# Houston area / mid coast folks. Anyone want to fish Monday 26th?



## Sublime (Oct 9, 2015)

Weather permitting of course. I will probably launch at Sargent and pole the south shoreline of East Matagorda because I am really good at not catching fish there. Could also launch out of Matagorda harbor if need be.


----------



## backcast (Apr 9, 2013)

Sublime said:


> Weather permitting of course. I will probably launch at Sargent and pole the south shoreline of East Matagorda because I am really good at not catching fish there. Could also launch out of Matagorda harbor if need be.

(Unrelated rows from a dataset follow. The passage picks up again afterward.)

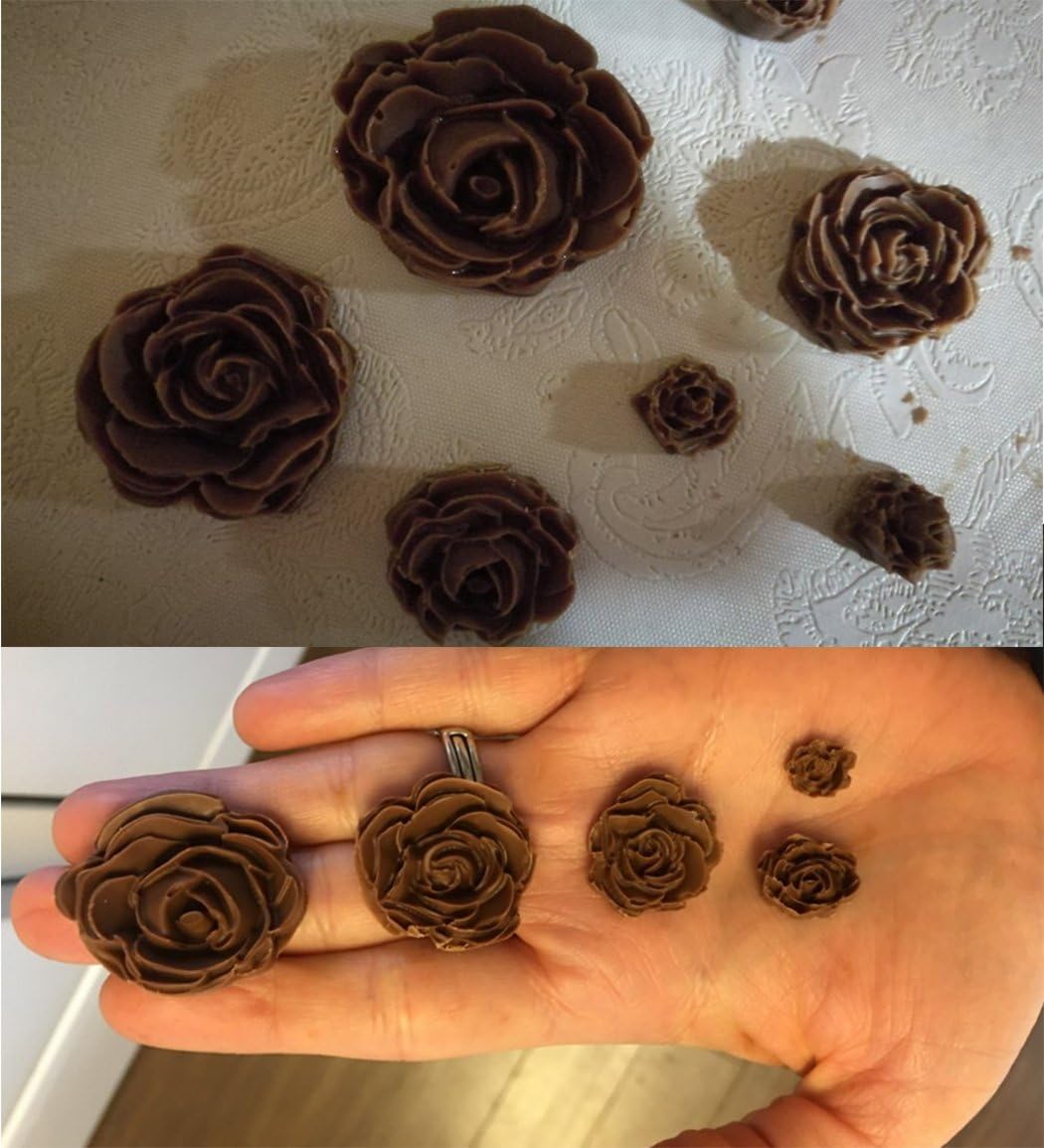 SaSa Design Rose Silicone Mold, Small Soap Clay Fimo Chocolate Baking Tool for Cake Decoration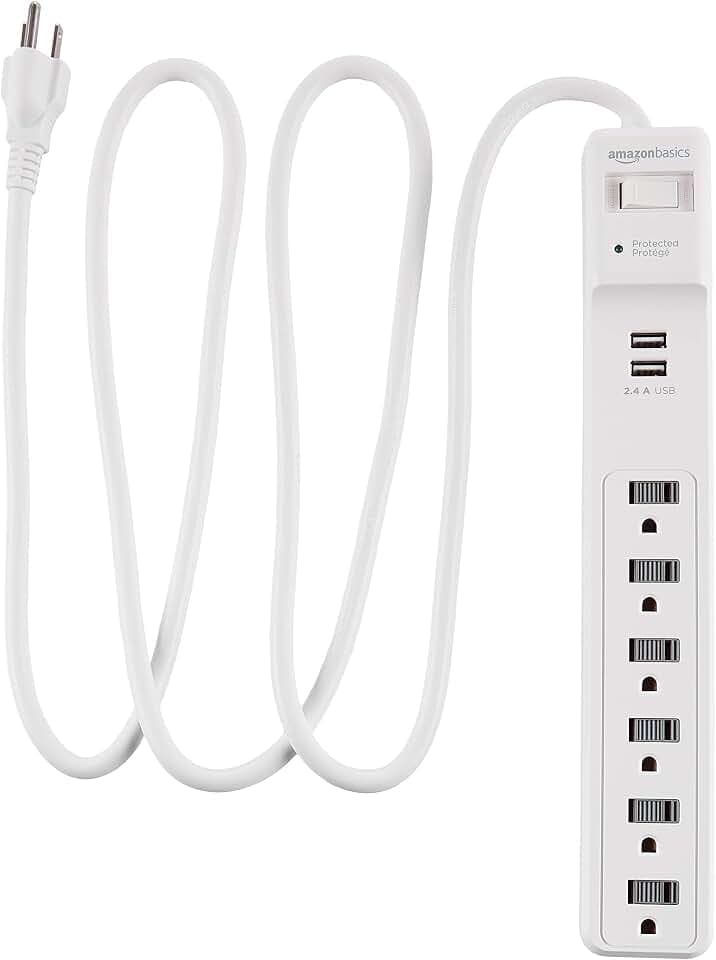 Amazon Basics Power Strip Surge Protector with 6 Outlets, 2 USB Ports, 1000 Joule Protection, 6-Foot Extension Cord, White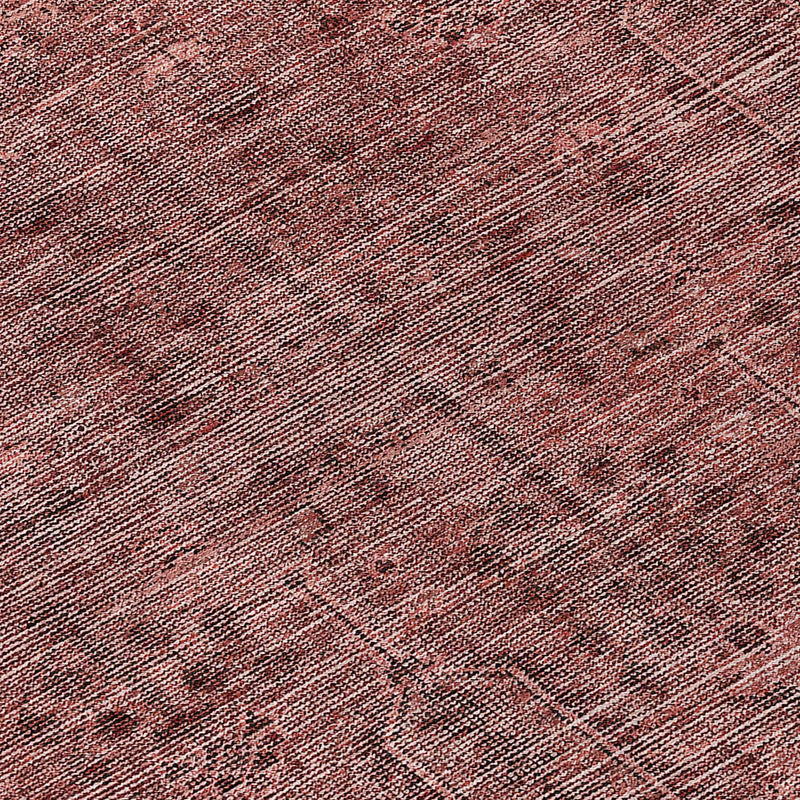 8' Orange And Copper Round Southwestern Washable Indoor Outdoor Area Rug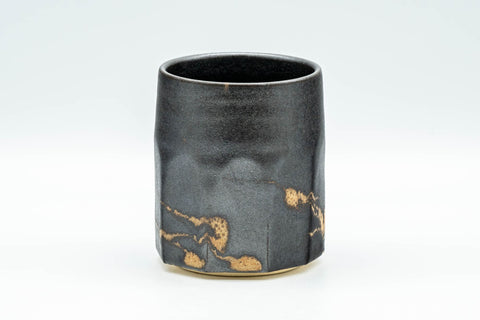 Japanese Teacup - Matte Black Nonagonal Yunomi - 160ml - front view of the faceted nonagonal matte black teacup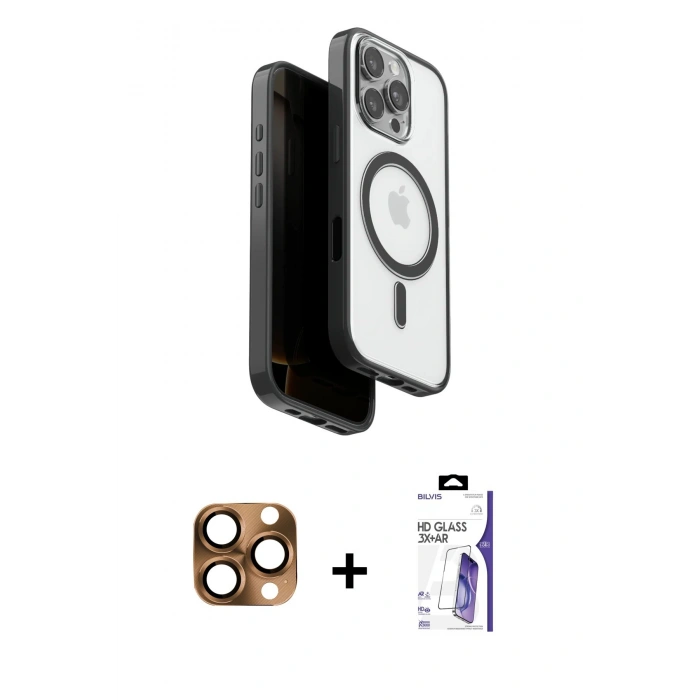 MARSİLYAN™- iPhone 16 Pro Max Kılıf Pusula Form Serisi - Siyah Bilvis 3X AR HD Cam Ekran Koruyucu + Pers Alüminyum Kamera Lens - CLTM
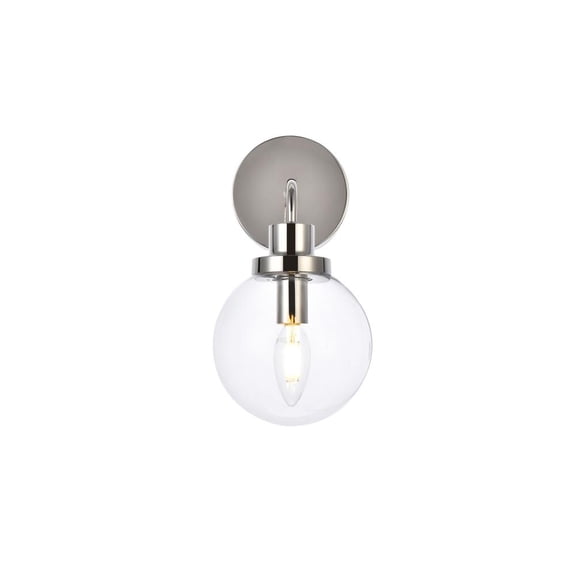 Hanson 1 light bath sconce in polished nickel with clear shade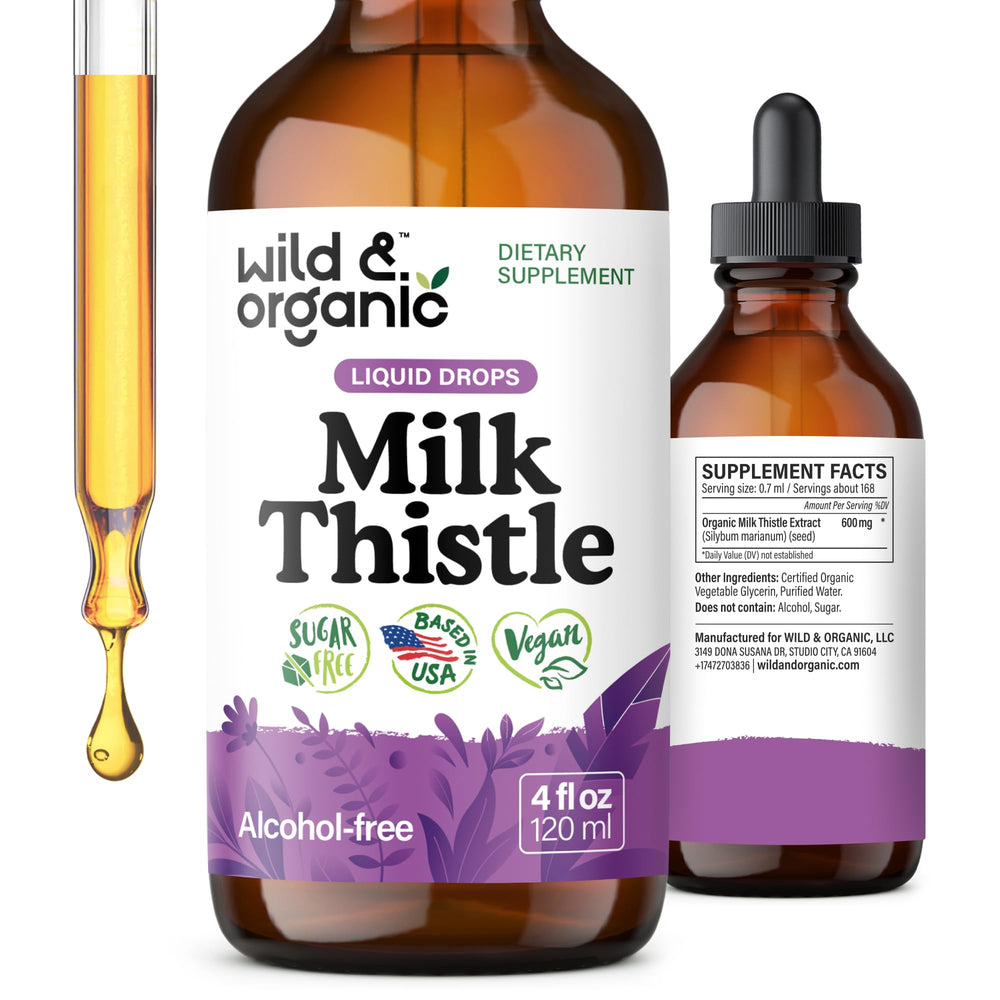 Wild & Organic Milk Thistle Liquid Drops bottle shows liver support.
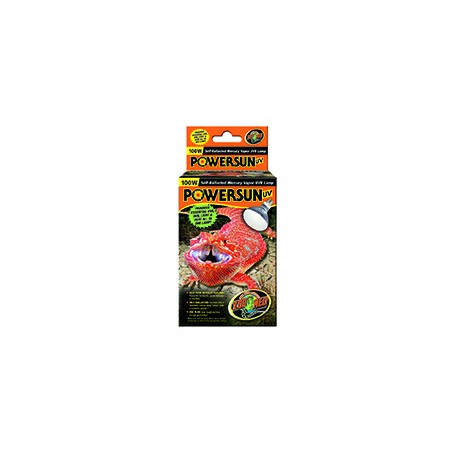 ZooMed Powersun UV Lámpara Reptil Vapor Mercurio Balastro Integrado UVB UVA Calor Luz 100W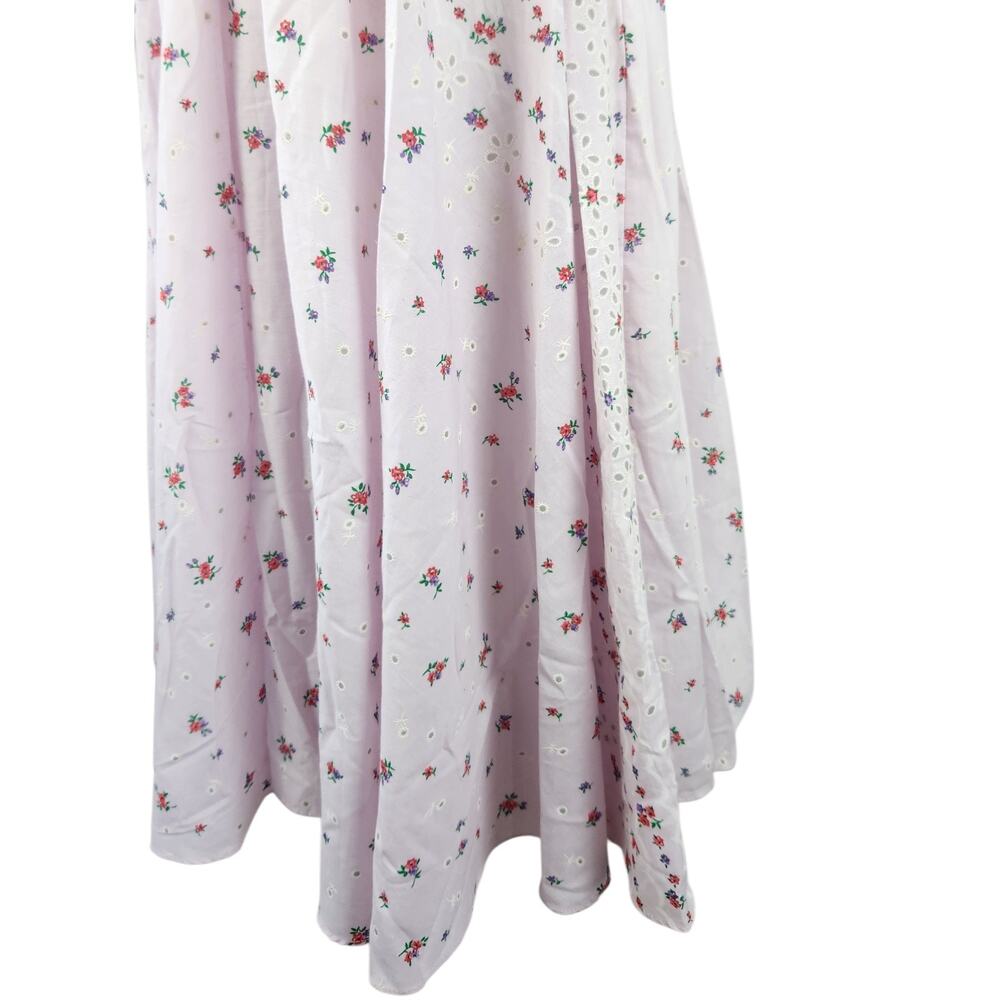 70s Vtg Sleeveless Floral Lace Detail Cotton Coquette Midi Dress LARGE Lavender - Picture 6 of 10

58% rain and East wind . You know East Matty will be chocolate.
Joe


----------



## Sublime (Oct 9, 2015)

backcast said:


> 58% rain and East wind . You know East Matty will be chocolate.
> Joe


Entirely possible, but Monday looks like the best window for a while. My windfinder app is predicting reasonable winds starting Saturday. If the predictions are correct all the water will get blown out of the bay tomorrow though with North winds over 30 mph lol. 

PS, I have received a PM for the open seat. I'll update this post if something changes.


----------



## efi2712micro (Sep 17, 2015)

I don't know Sargent and wouldn't mind a try soon ... still a better day out in wind than in the office


----------